Tandoori-Style Cauliflower (Tandoori Gobhi)

Tandoori-Style Cauliflower (Tandoori Gobhi) Recipe
Becky Luigart-Stayner


6 servings (serving size: 1 cup)

Recipe from

Cooking Light

Nutritional Information

Calories 84
Caloriesfromfat 33 %
Fat 3.1 g
Satfat 0.5 g
Monofat 0.9 g
Polyfat 0.5 g
Protein 3.6 g
Carbohydrate 12.8 g
Fiber 4.4 g
Cholesterol 2 mg
Iron 1.3 mg
Sodium 277 mg
Calcium 70 mg


1 teaspoon salt
1 tablespoon fresh lemon juice
3 cups water
6 cups cauliflower florets
Spice mix:
2 cardamom pods
2 whole cloves
1 (1-inch) cinnamon stick
1 bay leaf
1 1/2 teaspoons canola oil
1 1/2 cups chopped white onion
1 tablespoon finely ground blanched almonds (about 1/2 ounce)
1 1/2 teaspoons grated peeled fresh ginger
1/2 teaspoon ground turmeric
1/2 teaspoon salt
1/4 teaspoon ground red pepper
3 garlic cloves, minced
1/3 cup water
6 tablespoons plain whole milk yogurt
Remaining Ingredient:
1/4 cup chopped fresh cilantro


To prepare cauliflower, bring first 3 ingredients to a boil in a large saucepan. Add cauliflower florets; cover, reduce heat, and simmer 5 minutes or just until tender (do not overcook). Drain.

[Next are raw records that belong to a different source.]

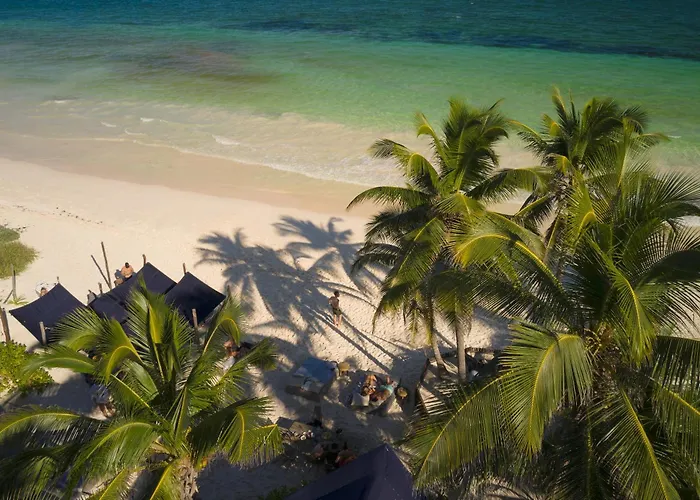 Libelula Beachfront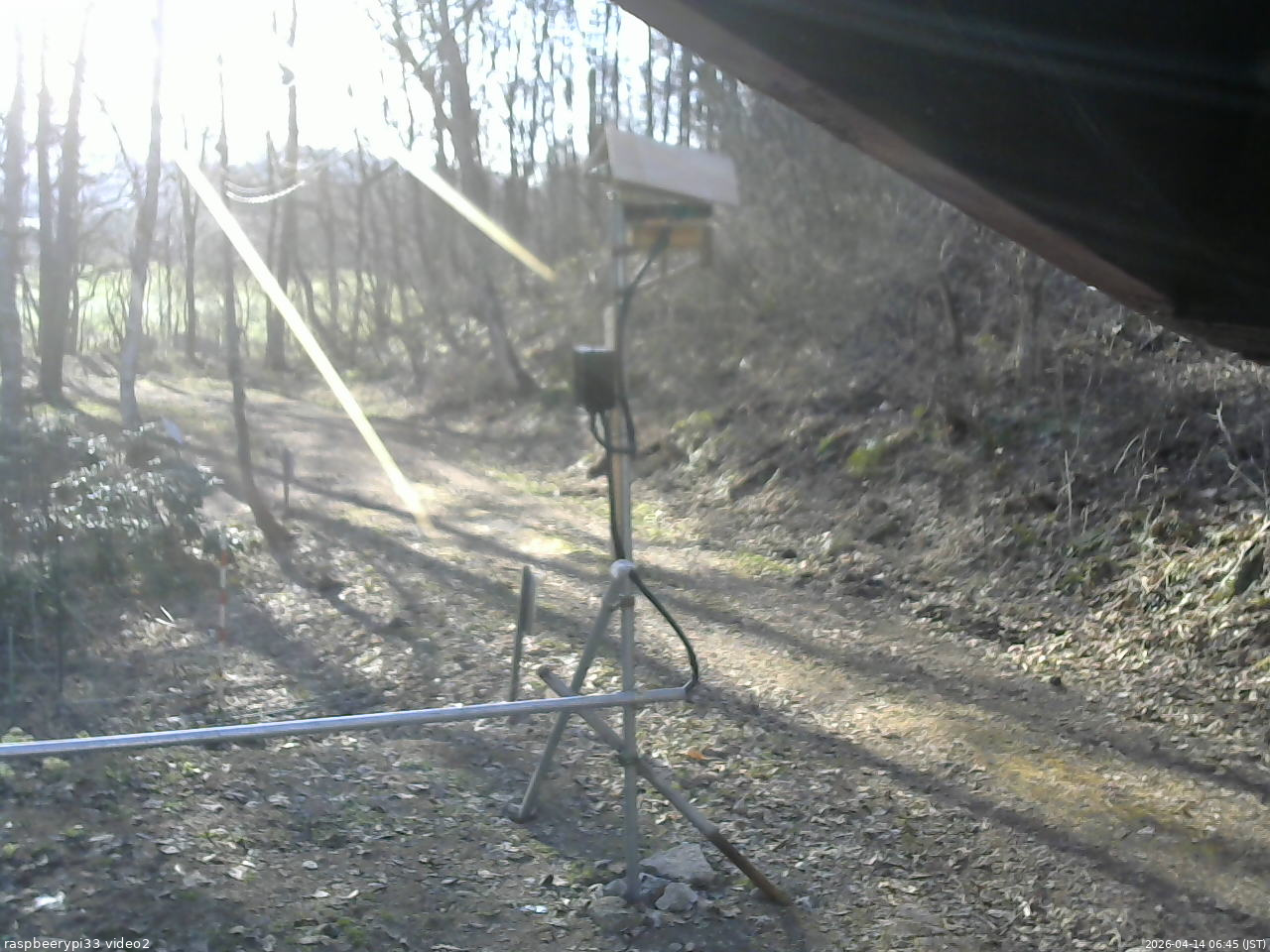 長野県菅平高原 ゆたか山荘 南側 2026/04/14 06:45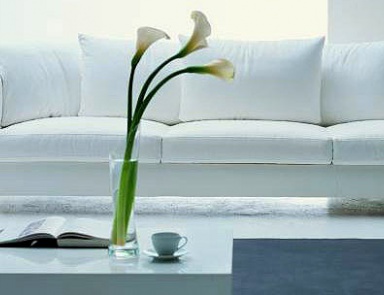 Sofa Container, Vibieffe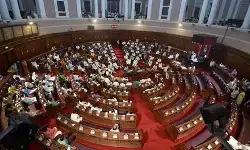 यूपी : विधान परिषद में चाइनीज मांझे की अवैध बिक्री का उठा मुद्दा, पूर्ण प्रतिबंध की मांग की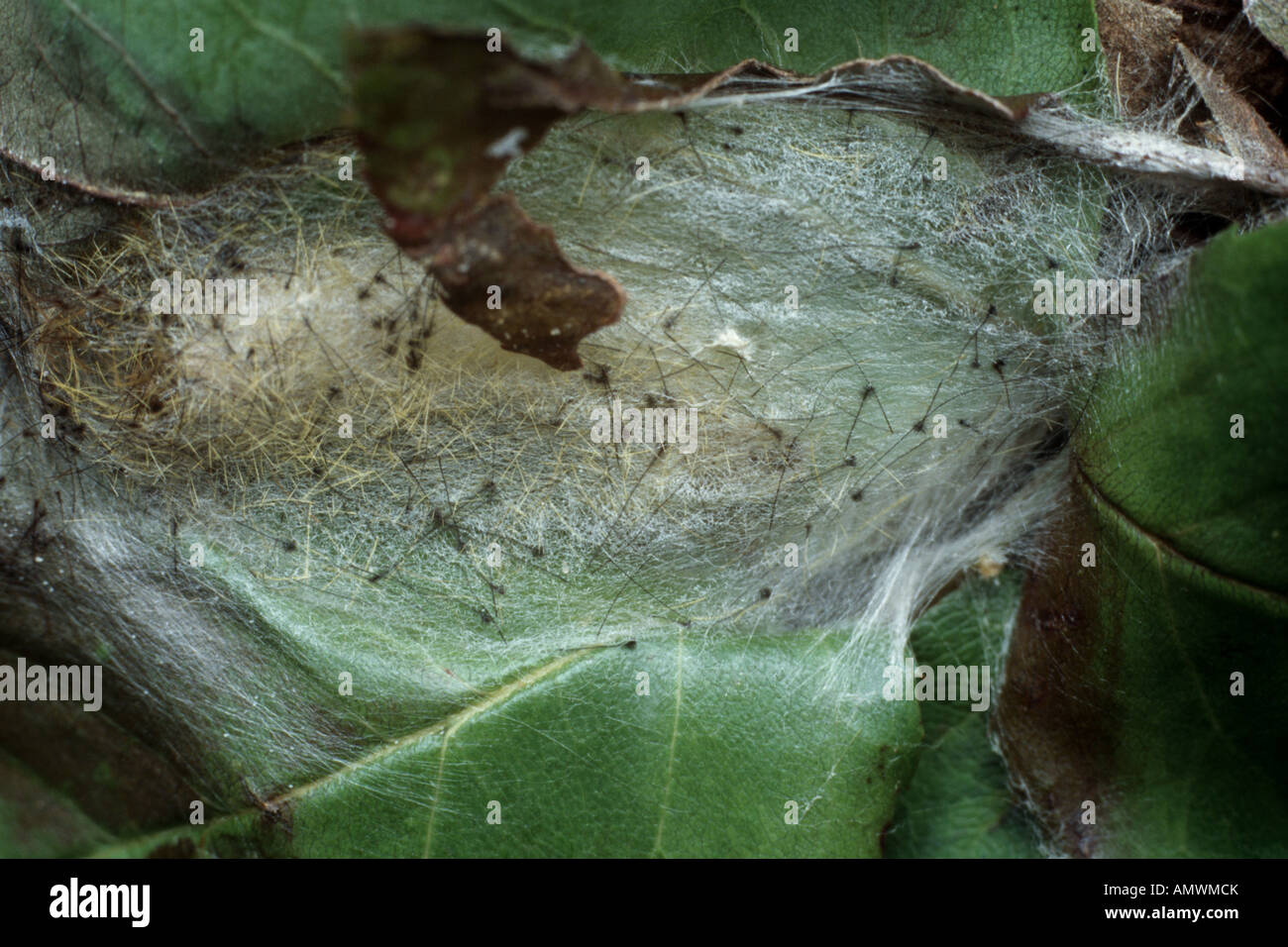 vapourer moth, common vapourer, rusty tussock moth (Orgyia antiqua, Orgyia recens), coccon of metamorphosis Stock Photo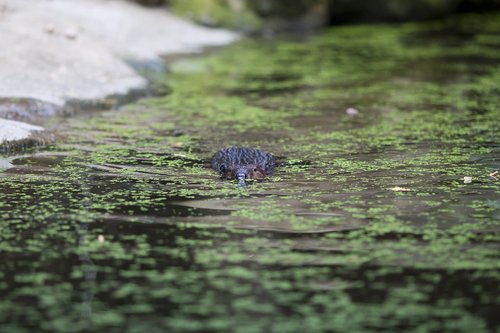 beaver  water  swim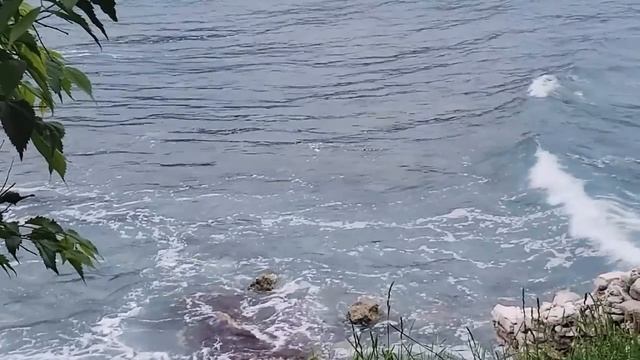 То, что находится глубоко в вашем сердце, произойдет с вами. Роберт Адамс смотреть онлайн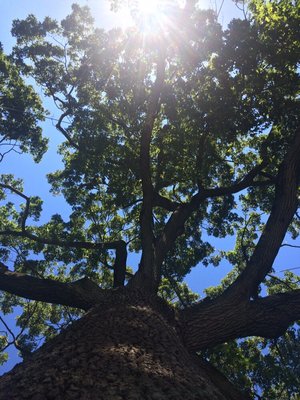 Pruning a large oak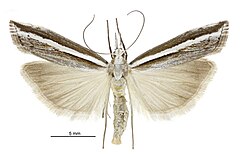 Orocrambus vittellus kadın.jpg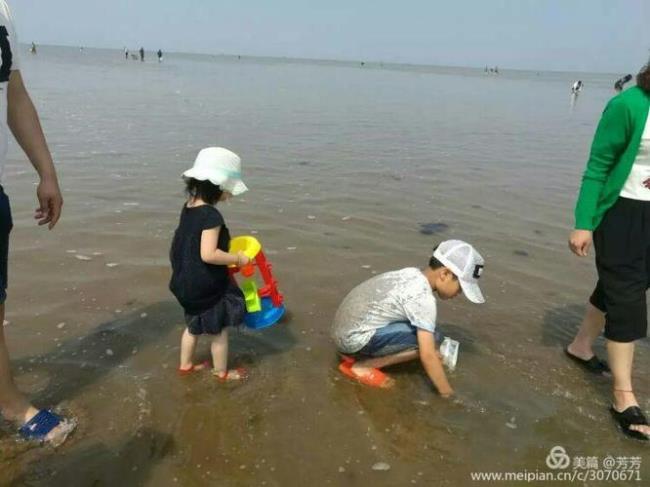 8月份赶海的最佳时间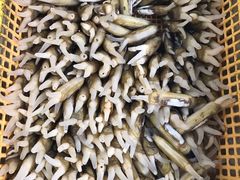 -霞涌市场海鲜摆卖区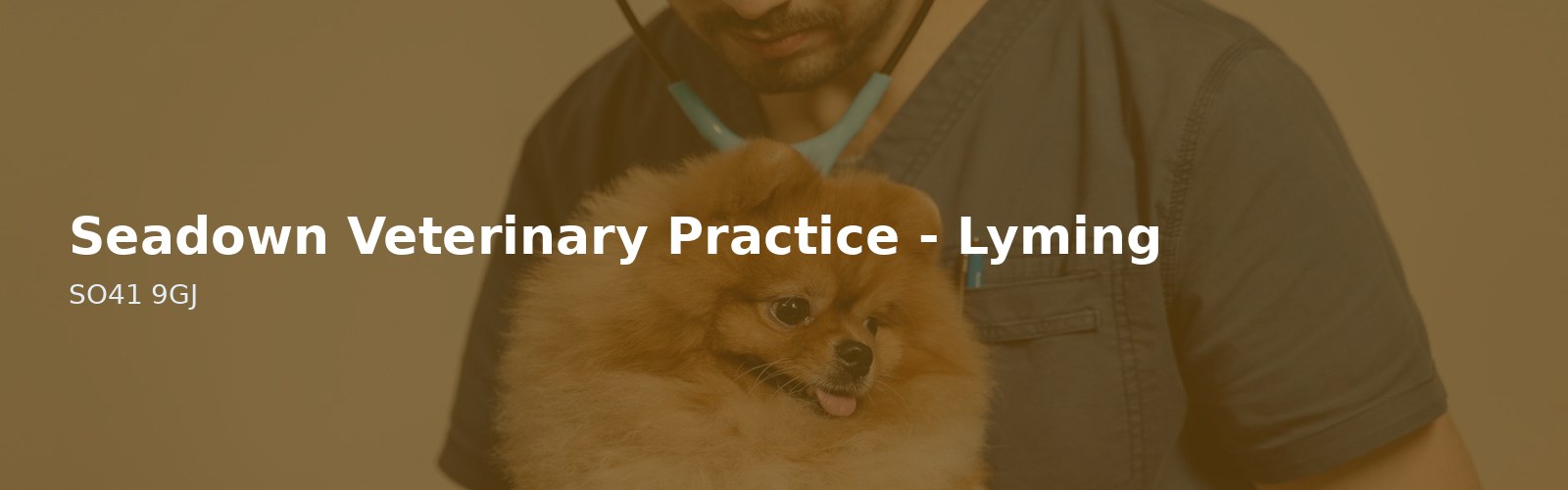 Seadown Veterinary Practice - Lymington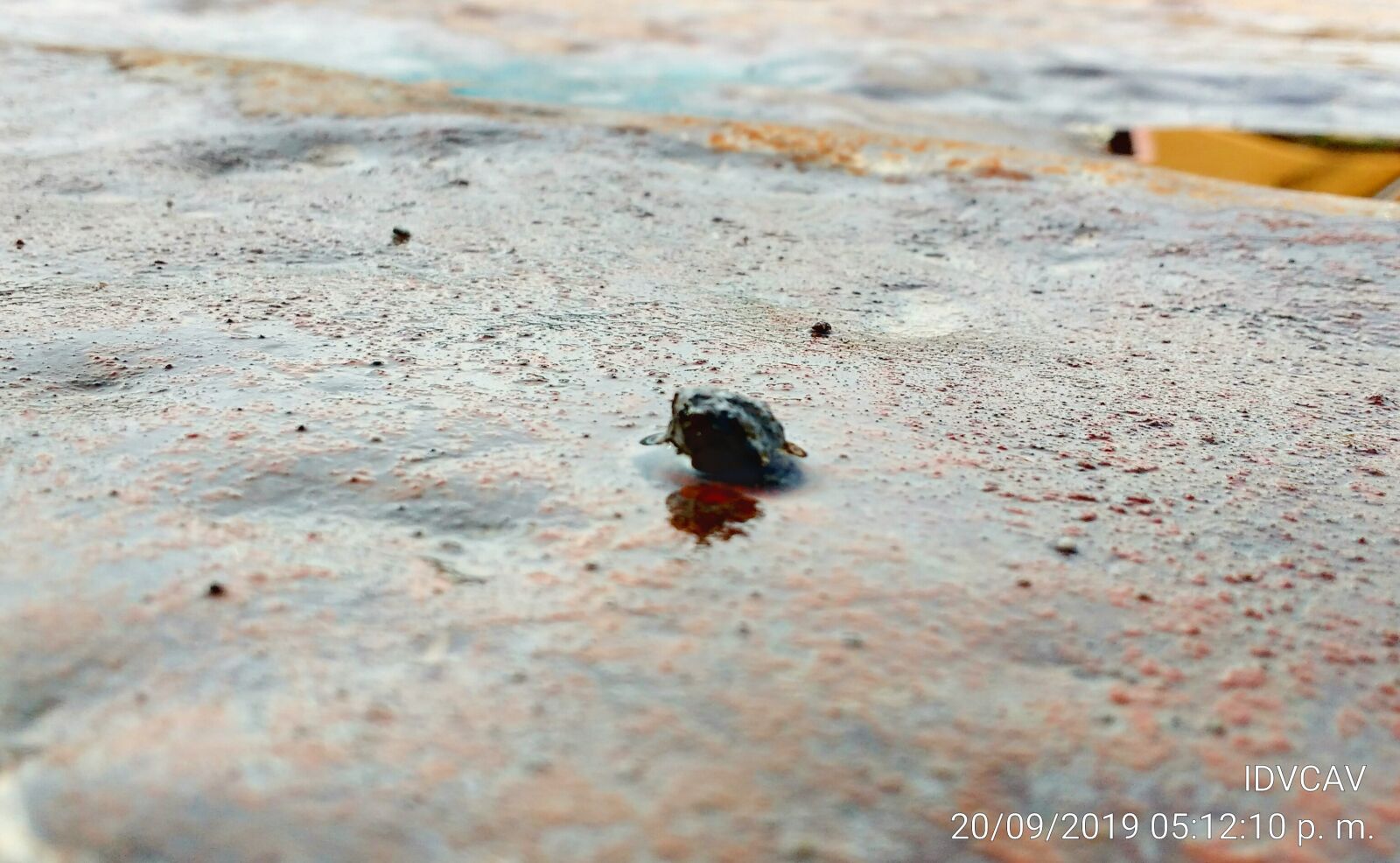 Motorola MotoG3 sample photo. Piedra, lluvia, agua photography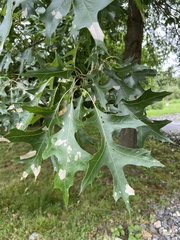 Quercus
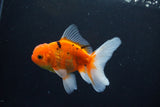 Thai Oranda  Calico 4 Inch (ID#1008ToPTA-38) Free2Day SHIPPING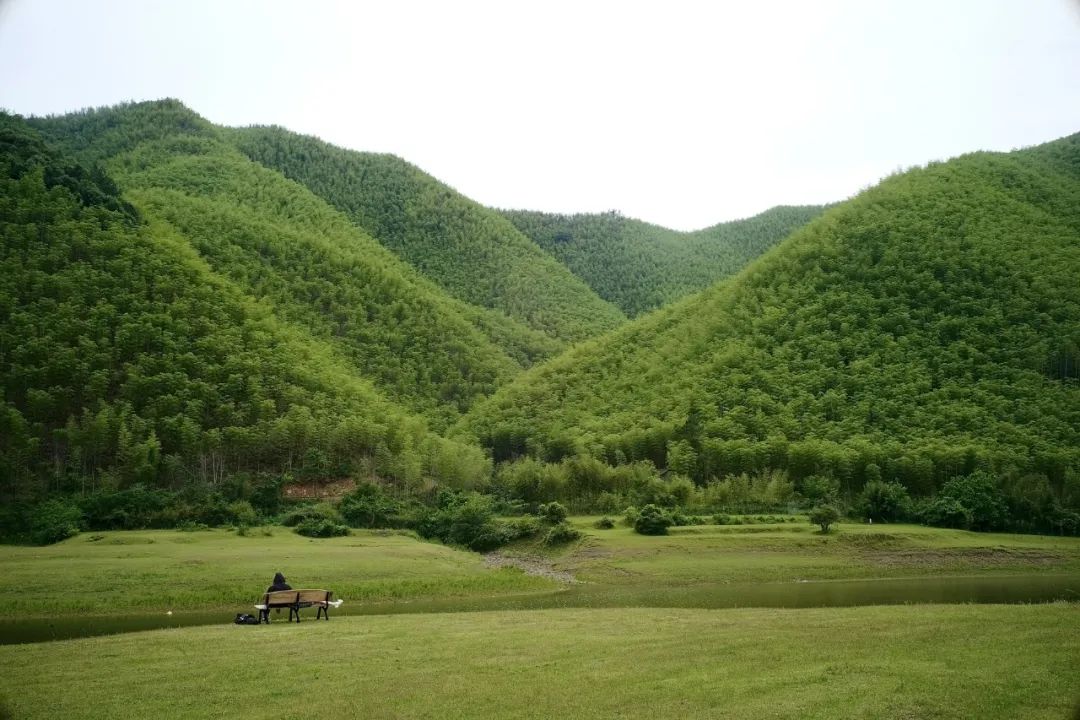 浙江市区度假酒店推荐,浙江轻奢酒店值得推荐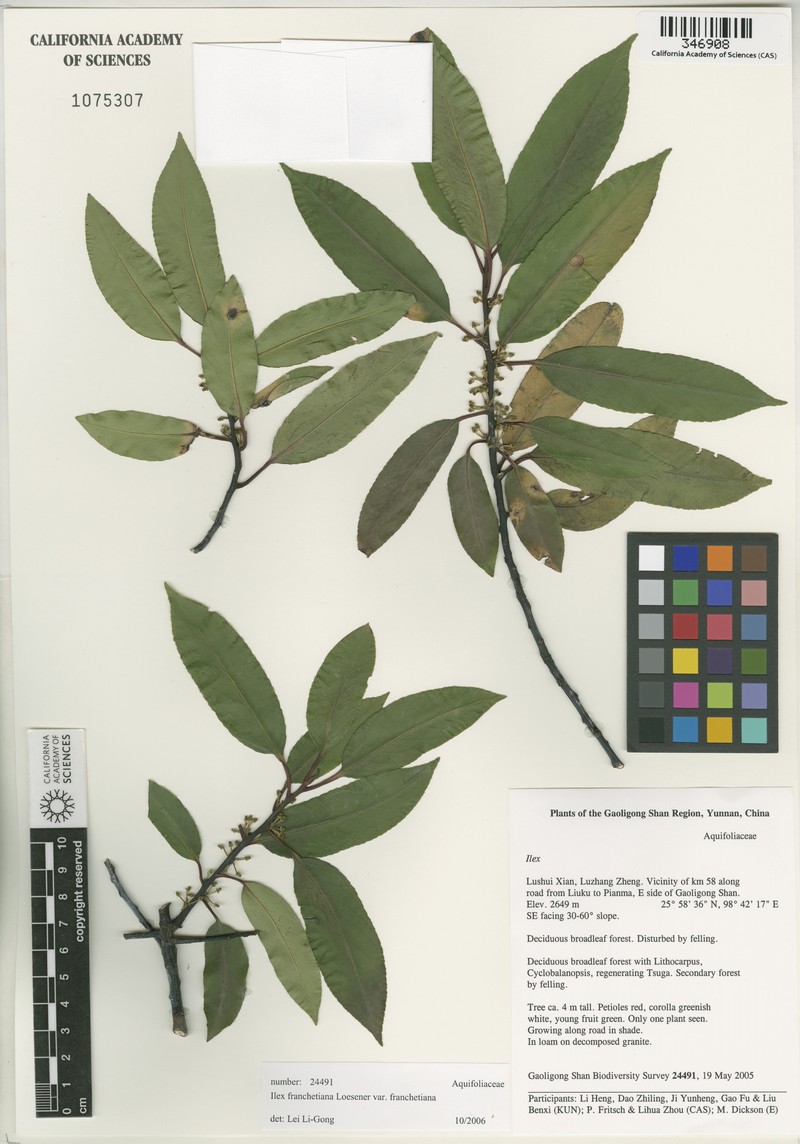 Ilex fargesii subsp. fargesii photo 2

To prepare spice mix, combine cardamom, cloves, cinnamon, and bay leaf in a medium nonstick skillet; cook over medium heat 2 minutes or until toasted and fragrant. Place mixture in a coffee or spice grinder; process until ground.

To prepare sauce, heat oil in skillet over medium heat. Add onion; sauté 8 minutes or until lightly browned. Stir in cardamom mixture, almonds, and next 5 ingredients (through garlic); cook 2 minutes. Remove from heat; cool slightly.

Preheat oven to 350°.

Place onion mixture and 1/3 cup water in a blender, and process until almost smooth, scraping sides of blender occasionally. Place onion mixture in skillet; gradually stir in yogurt. Cook over low heat 5 minutes, stirring frequently.

Place cauliflower in a shallow 2-quart baking dish; pour onion mixture over cauliflower, tossing to coat. Bake at 350° for 20 minutes or until thoroughly heated and just beginning to brown. Sprinkle with cilantro.